NEW YORK (MainStreet) — Wallets and pocketbooks snapped shut last month, as consumers decided the timing just wasn’t right to buy that new tablet computer or patio set.
Why the trepidation? Everyone seems to have a theory.
What’s beyond debate is the fact that March retail sales fell to $418.3 billion, a decline of 0.4 percent from February, according to the U.S. Commerce Department. It’s the second soft showing in three months, and that has economists and politicians perspiring over what that means to the U.S. economy.
If there’s any good news in that retail number, it’s that retail sales are still 2.8 percent higher than in March 2012. But the past 90 days have shown a decidedly downward trend as U.S. consumers pull back on spending.
The National Retail Federation points to “colder weather and harmful fiscal policy” as the chief reasons for the slide in retail sales.
“The fall-off in spending is no surprise,” says NRF Chief Economist Jack Kleinhenz. “A colder than usual winter, an anemic employment picture and delays in tax refunds impacted consumer spending across the board in March. While we remain optimistic that retail sales will grow modestly this year, it seems like the economy is off to a shaky start as we enter the second quarter. Improving housing prices and lower gas prices may help to offset the toll of increased taxes and sequester.”
That seems like a reasonable take until you factor in that February was as cold and miserable as January in most of the U.S., and that didn’t stop Americans spending.

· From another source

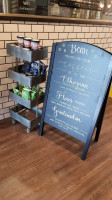 Milano's Pizza menu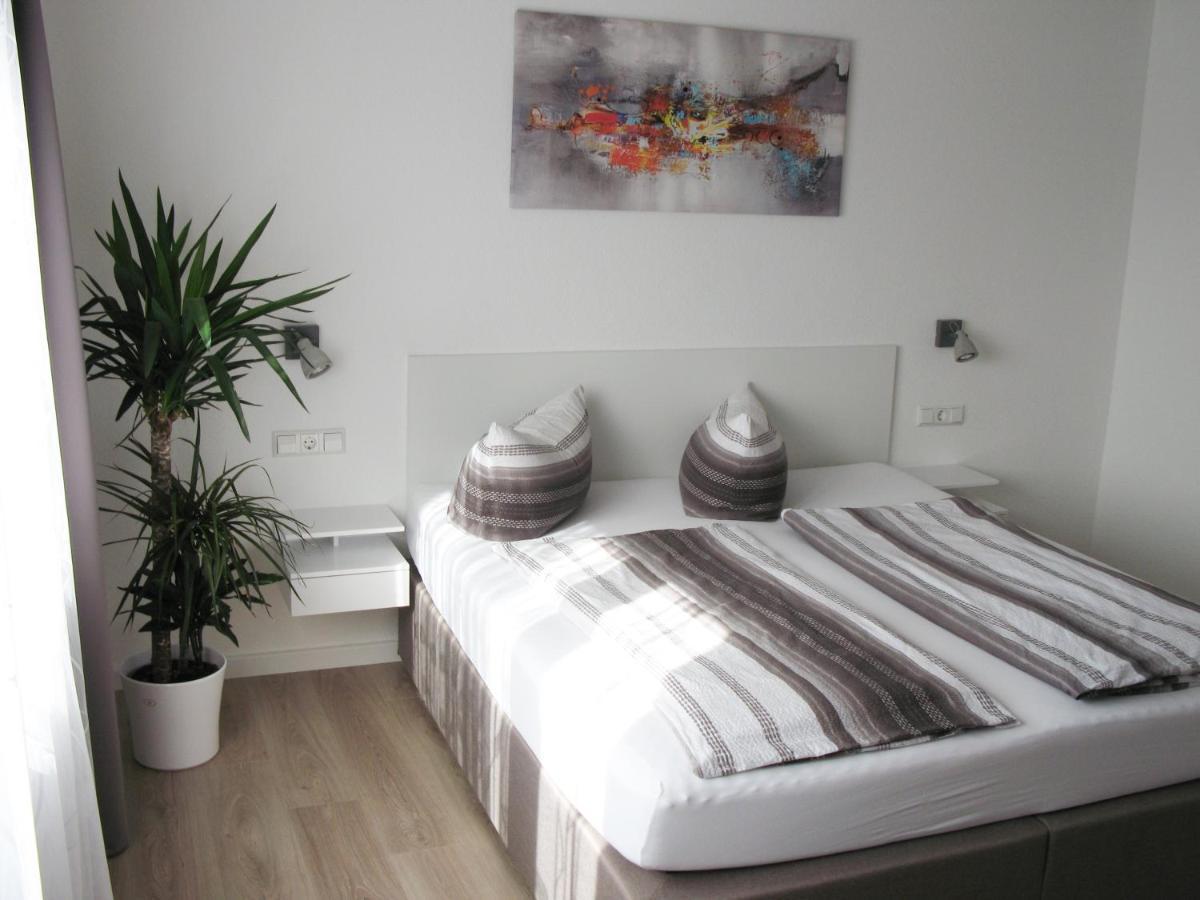 Murgtal Motel Rastatt Extérieur photo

In addition, the payroll tax hike was triggered in the first week of January, but retail were stronger in January or February than in March — 60 to 90 days after the tax hike went into effect. That shows Americans weren’t too worried over the 2.3 percent payroll tax that rolled out in early January.

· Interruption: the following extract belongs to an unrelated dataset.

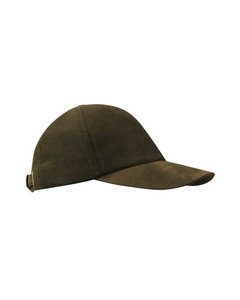 Hoggs of Fife Junior Struther baseball style cap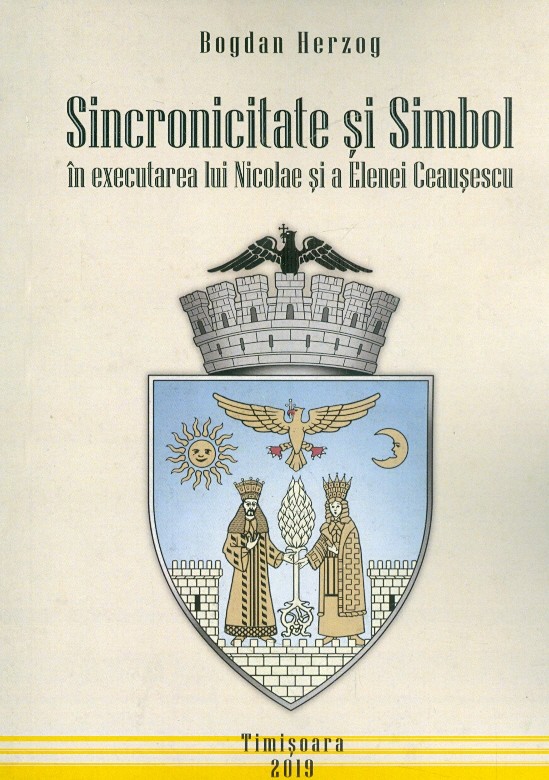 Sincronicitate si Simbol in executarea lui Nicolae si a Elenei Ceausescu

Another, more timely factor may have been repeated talk of horror stories related to the sequester debate, when politicians warned of dire outcomes linked to scheduled cuts in federal government spending starting in March.
Instead of shrugging off those warnings from Washington pols, the retail sales numbers suggest Americans took those threats of economic decline to heart in the first few weeks of March, opting to stay on the sidelines for the month.

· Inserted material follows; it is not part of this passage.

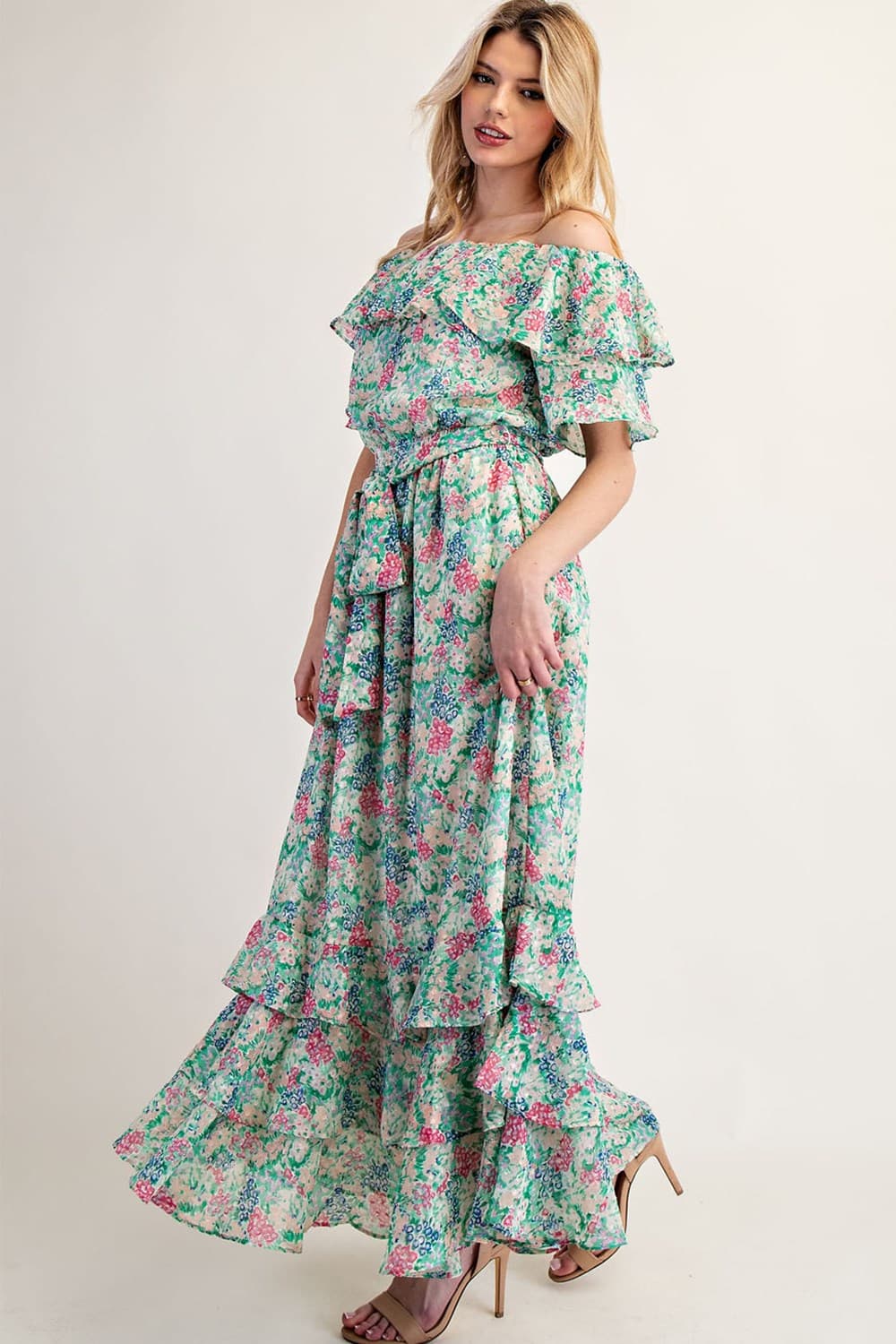 DK9685 - EMERALD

Whatever the reason, the NRF says future growth in retail sales depends on the U.S. government getting its act together, and start enacting some pro-growth policies.
"Retail is the vehicle that drives our economy, and the consumer dictates the speed,” NRF President and CEO Matthew Shay says. “With consumer confidence low, Washington decision-makers need to focus on a long-term, economic roadmap that creates fiscal certainty for American families. And we need policies that encourage job growth and capital investment by business generally and the retail industry specifically, an industry that supports 1 in 4 American jobs. Without either, economic recovery will continue to sputter along, and the consumer will keep their foot off the pedal.”
That certainly was the case in March, which means the April retail numbers could be one of the most important, and closely scrutinized, indicators of the U.S. economy in months.